__EXERCISE PROMPT__:
Print, exactly as written, every line from the first line of the records below through the line containing "جيب جراند شيروكي ، لاريدو ، 2013 SUV", and nothing further.

__STUDY MATERIAL__:
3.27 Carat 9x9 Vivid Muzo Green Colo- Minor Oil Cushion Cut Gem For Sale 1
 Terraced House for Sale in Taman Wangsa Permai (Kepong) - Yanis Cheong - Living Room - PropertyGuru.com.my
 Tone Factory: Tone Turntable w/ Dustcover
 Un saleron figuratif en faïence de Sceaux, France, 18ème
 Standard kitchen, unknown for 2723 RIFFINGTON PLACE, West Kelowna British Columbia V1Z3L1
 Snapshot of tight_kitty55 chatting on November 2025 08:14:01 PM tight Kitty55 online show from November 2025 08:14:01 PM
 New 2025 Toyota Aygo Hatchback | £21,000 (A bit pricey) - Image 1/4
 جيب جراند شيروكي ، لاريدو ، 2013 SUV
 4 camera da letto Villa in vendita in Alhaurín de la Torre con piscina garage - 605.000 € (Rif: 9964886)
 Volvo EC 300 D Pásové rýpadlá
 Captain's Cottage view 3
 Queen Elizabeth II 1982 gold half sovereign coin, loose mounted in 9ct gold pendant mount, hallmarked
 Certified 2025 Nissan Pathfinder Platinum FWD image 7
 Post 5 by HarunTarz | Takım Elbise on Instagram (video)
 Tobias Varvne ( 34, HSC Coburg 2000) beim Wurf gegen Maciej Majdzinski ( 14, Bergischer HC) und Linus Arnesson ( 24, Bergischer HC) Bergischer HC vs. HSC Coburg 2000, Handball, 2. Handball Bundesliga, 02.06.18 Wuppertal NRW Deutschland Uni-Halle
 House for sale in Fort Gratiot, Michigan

__YOUR RESPONSE__:
3.27 Carat 9x9 Vivid Muzo Green Colo- Minor Oil Cushion Cut Gem For Sale 1
 Terraced House for Sale in Taman Wangsa Permai (Kepong) - Yanis Cheong - Living Room - PropertyGuru.com.my
 Tone Factory: Tone Turntable w/ Dustcover
 Un saleron figuratif en faïence de Sceaux, France, 18ème
 Standard kitchen, unknown for 2723 RIFFINGTON PLACE, West Kelowna British Columbia V1Z3L1
 Snapshot of tight_kitty55 chatting on November 2025 08:14:01 PM tight Kitty55 online show from November 2025 08:14:01 PM
 New 2025 Toyota Aygo Hatchback | £21,000 (A bit pricey) - Image 1/4
 جيب جراند شيروكي ، لاريدو ، 2013 SUV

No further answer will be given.